India is the world’s largest democracy, but it is also a very unequal country, where some citizens are more equal than others. Convicted criminals, who are rich and powerful, seem to get out of jail well before their sentences have been completed. This is in sharp contrast to the lives of thousands of under trails languishing in jails not having access to a lawyer or even getting a chance for a fair trial. However, in the darkened “Halls of Cinema”, Good always wins over Evil and the Long Arm of the Law would eventually catch up with the criminals.
How does the film industry view crime and punishment? How do they represent it in their work? How do they deal with the law when one of their own is the accused?

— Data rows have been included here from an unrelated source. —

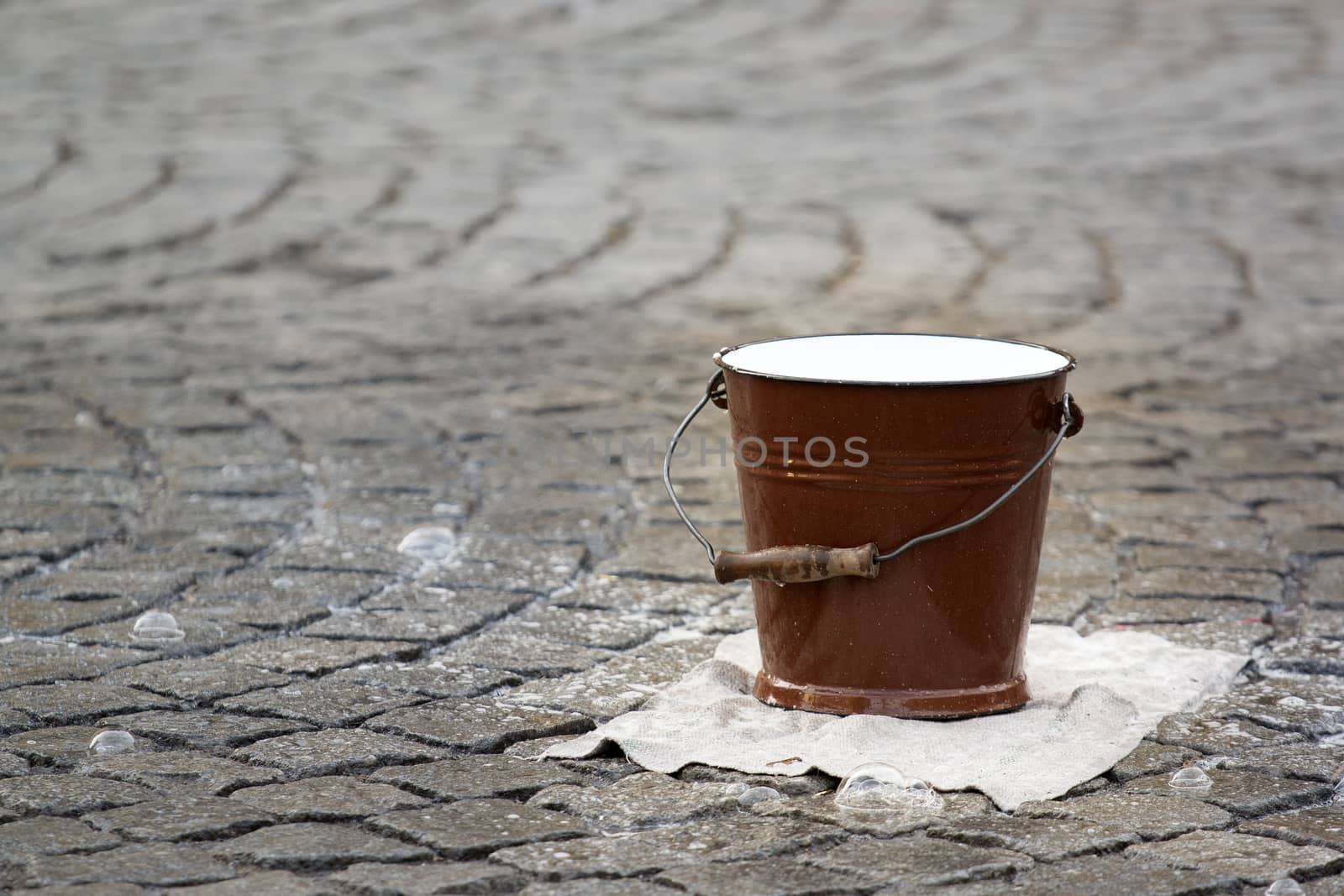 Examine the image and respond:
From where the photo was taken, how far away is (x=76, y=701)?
2.77 meters

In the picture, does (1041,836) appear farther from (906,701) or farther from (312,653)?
(312,653)

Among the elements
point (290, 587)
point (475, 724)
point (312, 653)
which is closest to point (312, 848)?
point (475, 724)

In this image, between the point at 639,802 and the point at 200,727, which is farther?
the point at 200,727

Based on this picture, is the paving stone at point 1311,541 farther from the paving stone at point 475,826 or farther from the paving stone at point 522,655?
the paving stone at point 475,826

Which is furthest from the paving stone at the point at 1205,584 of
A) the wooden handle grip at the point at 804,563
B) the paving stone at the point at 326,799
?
the paving stone at the point at 326,799

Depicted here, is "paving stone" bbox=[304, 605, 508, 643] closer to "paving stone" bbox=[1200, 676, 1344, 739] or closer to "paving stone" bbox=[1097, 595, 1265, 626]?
"paving stone" bbox=[1097, 595, 1265, 626]

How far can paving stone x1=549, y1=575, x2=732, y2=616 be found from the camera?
3.39 meters

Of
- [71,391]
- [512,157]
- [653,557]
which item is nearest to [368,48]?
[512,157]

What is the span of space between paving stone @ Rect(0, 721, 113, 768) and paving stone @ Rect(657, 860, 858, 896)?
0.98 metres

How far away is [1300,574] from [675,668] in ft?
4.79

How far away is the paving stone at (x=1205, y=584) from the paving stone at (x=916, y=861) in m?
1.37

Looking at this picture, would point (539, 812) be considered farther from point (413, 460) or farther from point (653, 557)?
point (413, 460)

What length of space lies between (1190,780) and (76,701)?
5.91 feet

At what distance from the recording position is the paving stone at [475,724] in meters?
2.66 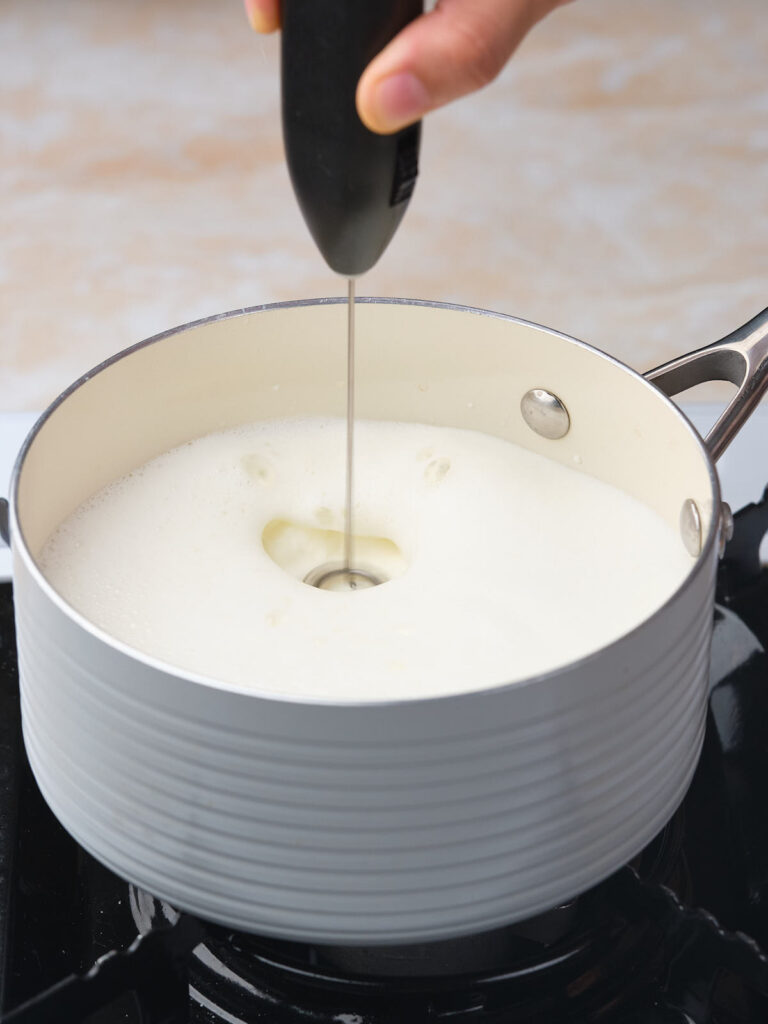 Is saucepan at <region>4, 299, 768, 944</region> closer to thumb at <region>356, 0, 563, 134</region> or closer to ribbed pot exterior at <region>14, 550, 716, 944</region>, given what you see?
ribbed pot exterior at <region>14, 550, 716, 944</region>

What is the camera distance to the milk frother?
531 mm

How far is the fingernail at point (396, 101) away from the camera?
52cm

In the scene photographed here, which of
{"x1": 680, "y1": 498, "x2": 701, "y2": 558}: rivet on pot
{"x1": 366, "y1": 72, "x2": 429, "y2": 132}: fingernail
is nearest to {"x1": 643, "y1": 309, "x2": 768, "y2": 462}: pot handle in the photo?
{"x1": 680, "y1": 498, "x2": 701, "y2": 558}: rivet on pot

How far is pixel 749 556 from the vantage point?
88 cm

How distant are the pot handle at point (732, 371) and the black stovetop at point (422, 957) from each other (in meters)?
0.21

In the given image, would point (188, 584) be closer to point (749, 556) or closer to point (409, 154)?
point (409, 154)

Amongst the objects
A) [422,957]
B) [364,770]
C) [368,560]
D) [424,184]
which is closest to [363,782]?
[364,770]

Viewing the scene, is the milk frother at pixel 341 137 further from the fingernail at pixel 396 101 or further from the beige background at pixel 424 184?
the beige background at pixel 424 184

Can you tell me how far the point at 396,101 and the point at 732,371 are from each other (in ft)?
0.99

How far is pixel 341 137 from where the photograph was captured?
21.7 inches

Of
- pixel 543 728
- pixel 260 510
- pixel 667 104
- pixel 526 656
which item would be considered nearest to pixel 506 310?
pixel 667 104

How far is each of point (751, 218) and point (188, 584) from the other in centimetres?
120

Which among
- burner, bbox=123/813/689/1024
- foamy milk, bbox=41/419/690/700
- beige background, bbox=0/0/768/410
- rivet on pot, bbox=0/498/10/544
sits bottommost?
beige background, bbox=0/0/768/410

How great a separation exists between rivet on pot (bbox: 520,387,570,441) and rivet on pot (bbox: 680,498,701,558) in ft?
0.34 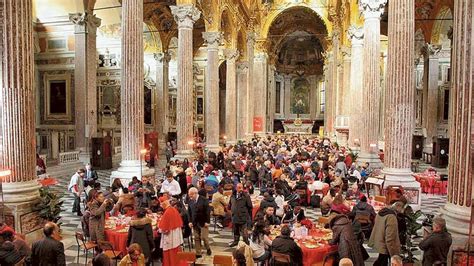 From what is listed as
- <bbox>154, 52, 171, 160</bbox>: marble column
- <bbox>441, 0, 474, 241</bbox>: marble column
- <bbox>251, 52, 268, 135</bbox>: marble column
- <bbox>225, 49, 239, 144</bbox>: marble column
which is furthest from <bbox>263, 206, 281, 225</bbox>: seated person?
<bbox>251, 52, 268, 135</bbox>: marble column

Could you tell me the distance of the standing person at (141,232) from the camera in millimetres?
6535

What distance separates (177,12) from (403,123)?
37.0 feet

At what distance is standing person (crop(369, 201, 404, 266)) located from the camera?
6.71 meters

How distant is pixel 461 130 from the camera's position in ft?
22.1

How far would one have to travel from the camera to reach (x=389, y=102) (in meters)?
11.2

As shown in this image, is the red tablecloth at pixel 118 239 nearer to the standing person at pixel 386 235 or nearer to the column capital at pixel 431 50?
the standing person at pixel 386 235

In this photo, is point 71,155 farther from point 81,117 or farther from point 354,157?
point 354,157

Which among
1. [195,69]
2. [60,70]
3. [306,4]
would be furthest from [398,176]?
[306,4]

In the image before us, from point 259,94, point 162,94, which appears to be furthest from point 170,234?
point 259,94

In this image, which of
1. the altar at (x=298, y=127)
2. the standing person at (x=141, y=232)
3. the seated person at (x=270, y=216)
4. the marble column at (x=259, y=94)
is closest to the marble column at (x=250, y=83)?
the marble column at (x=259, y=94)

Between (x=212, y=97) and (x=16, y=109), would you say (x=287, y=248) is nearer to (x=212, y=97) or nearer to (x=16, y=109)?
(x=16, y=109)

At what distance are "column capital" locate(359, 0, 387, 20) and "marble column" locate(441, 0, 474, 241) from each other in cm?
928

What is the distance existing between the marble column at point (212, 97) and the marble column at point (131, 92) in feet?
32.0

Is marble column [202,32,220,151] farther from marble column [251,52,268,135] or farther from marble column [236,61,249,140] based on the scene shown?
marble column [251,52,268,135] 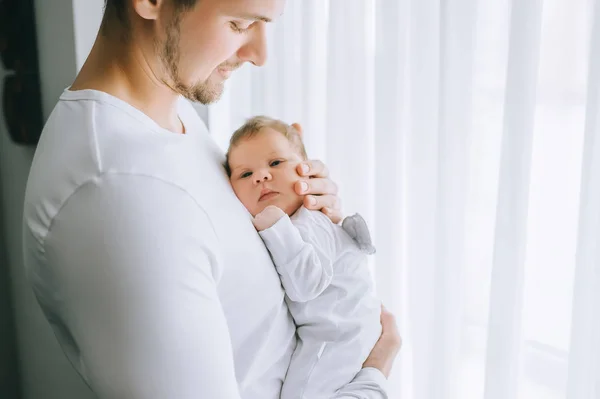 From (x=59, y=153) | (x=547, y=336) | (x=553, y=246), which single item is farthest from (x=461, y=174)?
(x=59, y=153)

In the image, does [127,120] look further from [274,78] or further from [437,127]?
[274,78]

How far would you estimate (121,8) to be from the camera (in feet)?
2.86

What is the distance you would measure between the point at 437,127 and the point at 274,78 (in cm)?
68

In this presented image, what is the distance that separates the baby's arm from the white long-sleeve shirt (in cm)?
11

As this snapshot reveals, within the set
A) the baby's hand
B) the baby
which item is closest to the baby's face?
the baby

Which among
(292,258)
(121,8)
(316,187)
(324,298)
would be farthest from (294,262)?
(121,8)

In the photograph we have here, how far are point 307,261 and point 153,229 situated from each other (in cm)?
38

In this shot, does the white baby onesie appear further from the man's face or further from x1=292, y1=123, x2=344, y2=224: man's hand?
the man's face

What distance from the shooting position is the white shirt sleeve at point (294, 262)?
0.95 metres

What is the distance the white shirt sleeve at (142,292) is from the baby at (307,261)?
11.1 inches

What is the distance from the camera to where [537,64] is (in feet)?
3.37

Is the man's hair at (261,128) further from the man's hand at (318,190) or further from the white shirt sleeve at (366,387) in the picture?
the white shirt sleeve at (366,387)

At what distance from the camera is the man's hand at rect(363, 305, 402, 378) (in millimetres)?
1100

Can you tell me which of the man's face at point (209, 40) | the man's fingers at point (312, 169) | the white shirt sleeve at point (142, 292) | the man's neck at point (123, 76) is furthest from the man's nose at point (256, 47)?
the white shirt sleeve at point (142, 292) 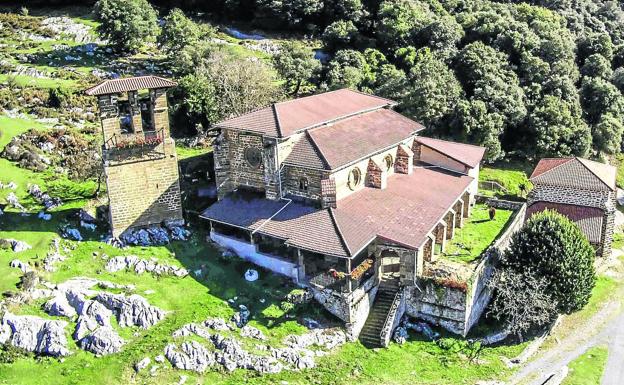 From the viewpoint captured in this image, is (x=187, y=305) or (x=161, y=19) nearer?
(x=187, y=305)

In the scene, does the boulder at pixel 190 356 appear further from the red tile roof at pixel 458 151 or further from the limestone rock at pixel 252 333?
the red tile roof at pixel 458 151

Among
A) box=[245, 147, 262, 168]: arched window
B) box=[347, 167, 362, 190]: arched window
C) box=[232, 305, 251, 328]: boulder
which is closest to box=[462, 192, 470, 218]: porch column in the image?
box=[347, 167, 362, 190]: arched window

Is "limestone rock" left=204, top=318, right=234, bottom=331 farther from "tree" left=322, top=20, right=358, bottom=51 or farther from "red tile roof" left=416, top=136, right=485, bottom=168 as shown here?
"tree" left=322, top=20, right=358, bottom=51

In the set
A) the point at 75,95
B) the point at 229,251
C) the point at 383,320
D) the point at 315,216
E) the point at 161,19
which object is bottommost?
the point at 383,320

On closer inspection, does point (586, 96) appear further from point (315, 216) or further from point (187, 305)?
point (187, 305)

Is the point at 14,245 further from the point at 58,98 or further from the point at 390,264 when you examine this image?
the point at 58,98

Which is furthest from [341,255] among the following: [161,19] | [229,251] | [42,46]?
[161,19] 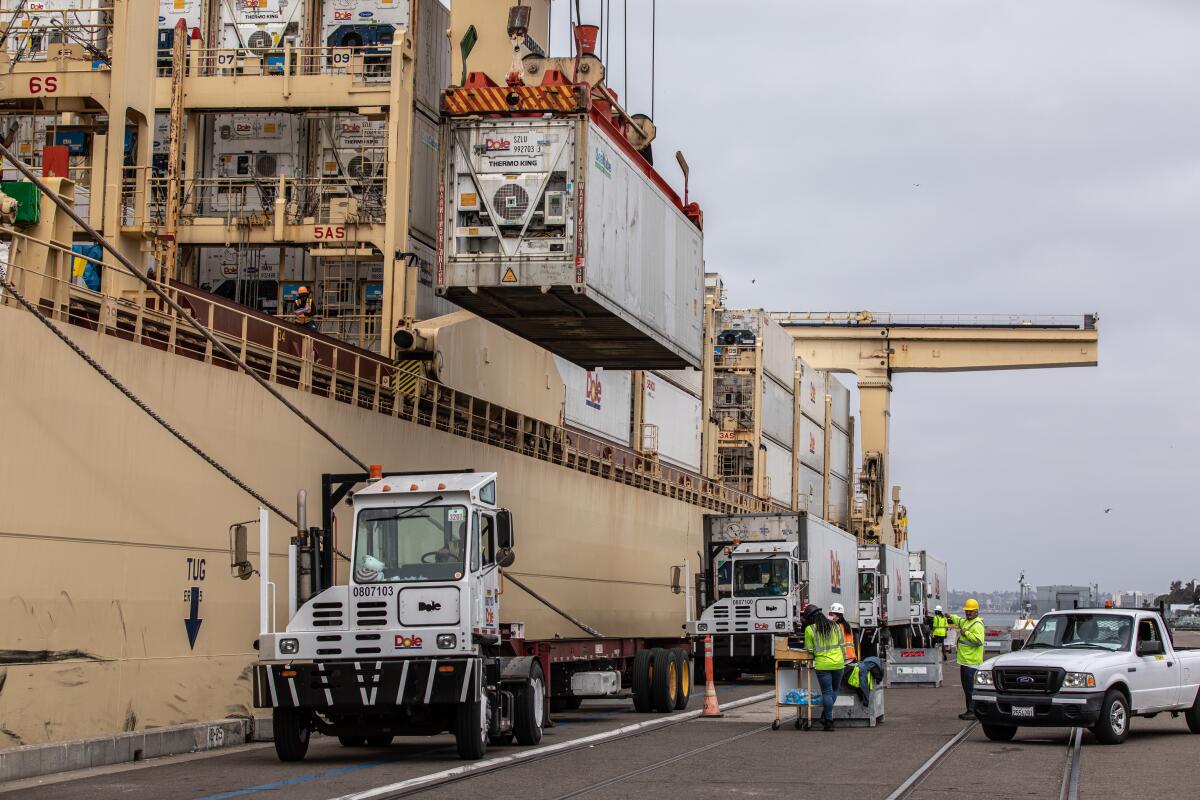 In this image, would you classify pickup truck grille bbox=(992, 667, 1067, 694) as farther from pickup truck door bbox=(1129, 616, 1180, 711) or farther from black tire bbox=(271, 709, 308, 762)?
black tire bbox=(271, 709, 308, 762)

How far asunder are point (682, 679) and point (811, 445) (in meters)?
37.2

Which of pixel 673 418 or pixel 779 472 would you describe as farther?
pixel 779 472

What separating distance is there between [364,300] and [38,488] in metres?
12.8

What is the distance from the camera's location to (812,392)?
58562 millimetres

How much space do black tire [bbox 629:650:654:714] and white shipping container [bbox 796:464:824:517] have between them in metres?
33.8

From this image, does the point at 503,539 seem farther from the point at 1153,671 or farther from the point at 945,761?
the point at 1153,671

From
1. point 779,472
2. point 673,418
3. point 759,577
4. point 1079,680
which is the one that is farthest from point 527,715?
point 779,472

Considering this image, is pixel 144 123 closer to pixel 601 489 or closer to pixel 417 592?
pixel 417 592

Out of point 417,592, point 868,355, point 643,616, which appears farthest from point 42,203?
point 868,355

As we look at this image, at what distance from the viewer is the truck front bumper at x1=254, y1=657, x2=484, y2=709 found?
13.5 m

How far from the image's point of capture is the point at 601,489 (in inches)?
1283

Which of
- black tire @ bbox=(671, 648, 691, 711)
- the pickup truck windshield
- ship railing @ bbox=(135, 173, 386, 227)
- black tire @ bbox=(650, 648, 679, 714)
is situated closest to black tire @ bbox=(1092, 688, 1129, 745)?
the pickup truck windshield

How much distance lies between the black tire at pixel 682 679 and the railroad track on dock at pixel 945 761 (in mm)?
5007

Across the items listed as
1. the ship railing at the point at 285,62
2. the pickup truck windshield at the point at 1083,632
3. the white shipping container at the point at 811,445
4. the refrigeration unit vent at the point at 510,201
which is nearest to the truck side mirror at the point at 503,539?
the refrigeration unit vent at the point at 510,201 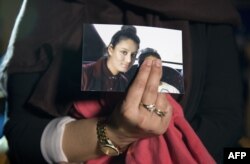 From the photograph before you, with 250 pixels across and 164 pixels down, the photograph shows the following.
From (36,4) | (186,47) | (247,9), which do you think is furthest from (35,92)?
(247,9)

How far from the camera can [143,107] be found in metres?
0.56

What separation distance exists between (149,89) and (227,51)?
1.10ft

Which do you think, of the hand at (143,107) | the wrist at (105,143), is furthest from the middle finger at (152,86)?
the wrist at (105,143)

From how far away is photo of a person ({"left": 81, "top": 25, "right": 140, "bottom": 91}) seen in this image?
1.88ft

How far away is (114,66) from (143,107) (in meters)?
0.08

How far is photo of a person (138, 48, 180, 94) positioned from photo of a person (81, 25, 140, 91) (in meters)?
0.01

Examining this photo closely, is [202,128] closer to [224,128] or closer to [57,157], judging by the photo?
[224,128]

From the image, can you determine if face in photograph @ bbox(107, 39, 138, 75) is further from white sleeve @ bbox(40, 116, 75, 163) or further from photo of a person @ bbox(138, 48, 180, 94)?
white sleeve @ bbox(40, 116, 75, 163)

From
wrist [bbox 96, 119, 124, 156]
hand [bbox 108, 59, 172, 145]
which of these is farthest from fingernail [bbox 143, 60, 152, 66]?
wrist [bbox 96, 119, 124, 156]

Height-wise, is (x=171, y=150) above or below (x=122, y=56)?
below

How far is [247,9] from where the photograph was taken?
1.01 meters

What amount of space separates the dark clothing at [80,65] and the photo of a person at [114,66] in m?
0.13

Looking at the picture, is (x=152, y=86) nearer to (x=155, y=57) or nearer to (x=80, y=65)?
(x=155, y=57)

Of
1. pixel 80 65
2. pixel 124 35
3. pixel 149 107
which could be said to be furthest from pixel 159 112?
pixel 80 65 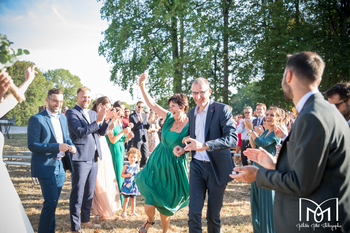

The first major criminal story to rock the Indian film industry was the Lakshmikanthan murder case in 1944. A film journalist, Lakshmikanthan wrote salacious articles about film actors in a magazine called Hindu Nesan. The journalist was murdered by a group of assailants, who claimed it was under the orders of a few famous people, namely MK Thyagaraja Bagavathar, one of the most famous singing stars of Cinema and Comedian N S Krishnan. Back then, ‘Quotation’ was not the preferred word for a hired goon. The murder and subsequent trail happened during the last days of the British Raj and the Tamil film industry was actively involved in the freedom struggle. Both, MK Thyagaraja Bhagavathar and NK Krishnan, were convicted and went to prison for thirty months.
There was a huge uproar. Some sections of the media reported that the case had several loopholes. The famous lawyer D N Pritt argued for them in the Privy Council in London and they were acquitted.
The arrest adversely affected MK Thyagaraja Bagavathar’s career. The singing star of the mythological films was at sea when he was asked to mouth loud melodramatic dialogues in family dramas.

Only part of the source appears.